Source: RCO News (Refugee Council)
UK Lesbian and Gay Immigration Group (UKLGIG) talks about the services and support they provide to lesbian and gay refugees and asylum seekers.
UKLGIG promotes equality and dignity for asylum seekers and refugees who are Lesbian Gay Bisexual and Transgender (LGBT). We see a lot more men than women and we also work with a small number of transgender people. We have engaged with over 400 clients in the last three years and now work with approximately 200 people a year.
We support asylum seekers in many ways some of these include:
- Linking them with legal representatives experienced in LGBT issues
- Helping them to write support statements, which can also help them come to terms with their sexuality/gender identity and build confidence
- Supporting people making fresh asylum claims on the basis of sexuality/gender identity if people have previously claimed on other grounds through fear
- Holding monthly support and advice meetings
- Training for refugee organisations, immigration judges and UKBA case owners on LGBT issues
- Undertaking research and policy work – including working with the Advisory Panel on Country Information to improve information and understanding of the issues people face in their countries of origin.
Numerous challenges face LGBT refugees and asylum seekers. Imagine you are coming from a place where you’ve had to lie and be ashamed of your sexuality and then to arrive in the UK and have to say to a uniformed officer, ‘I am gay’ immediately. If you do not claim asylum straight away on the basis of persecution for being LGBT, then this can be a problem when submitting a fresh claim.
People can feel isolated and may not feel comfortable approaching RCOs as they may be subjected to similar experiences as they were at home, or feel they need to hide their identity. In order to effectively raise awareness of LGBT issues among RCOs, there needs to be an awareness of the different types of persecution that people can experience and the impact that it can have.

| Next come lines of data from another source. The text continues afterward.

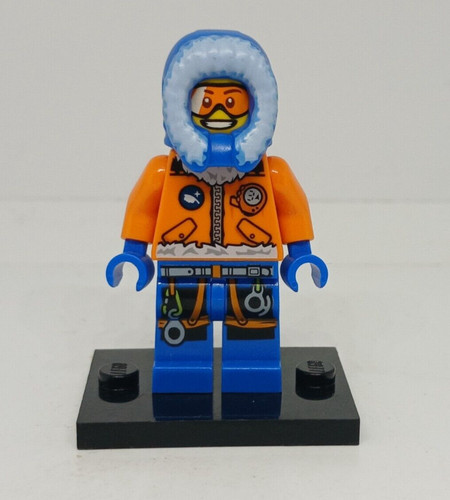 Lego city arktisforscher - arktisforscher,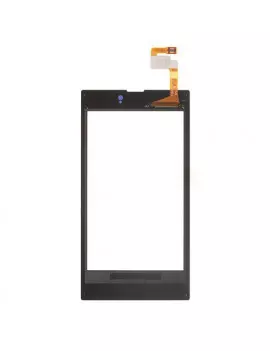Vetro di Ricambio per Nokia Lumia 520 (Nero)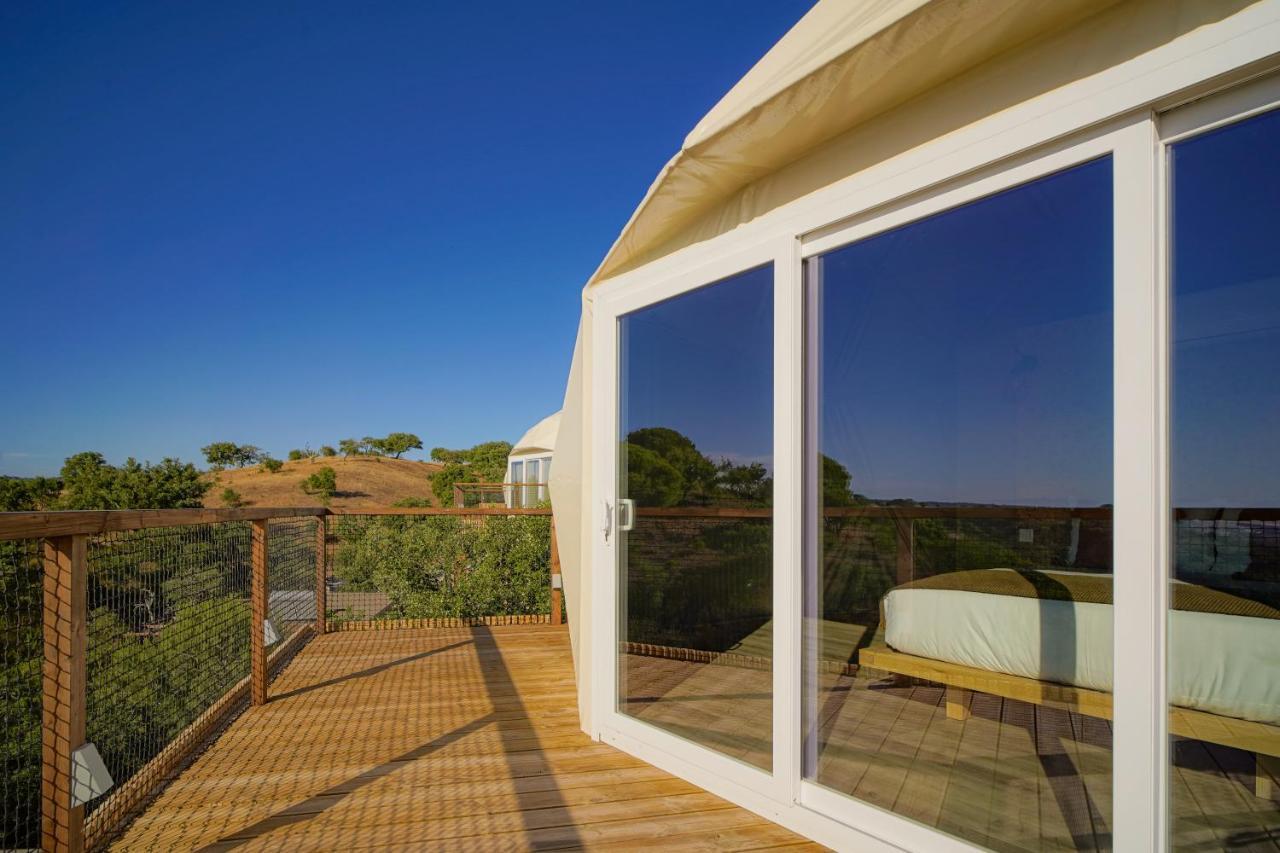 Wecamp Reserva Alecrim Santiago do Cacem Ngoại thất bức ảnh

When setting up an RCO to support LGBT refugees and asylum seekers it is important to first find a safe space to meet (probably not in RCO premises) and to start making links with local LGBT groups. You can start small and build the service up in consultation with clients, so that you are developing the type of service that is needed.
It is also important to make spaces more gay/transgender friendly. For example by putting up a few posters, displaying books and magazines wherever you are meeting clients.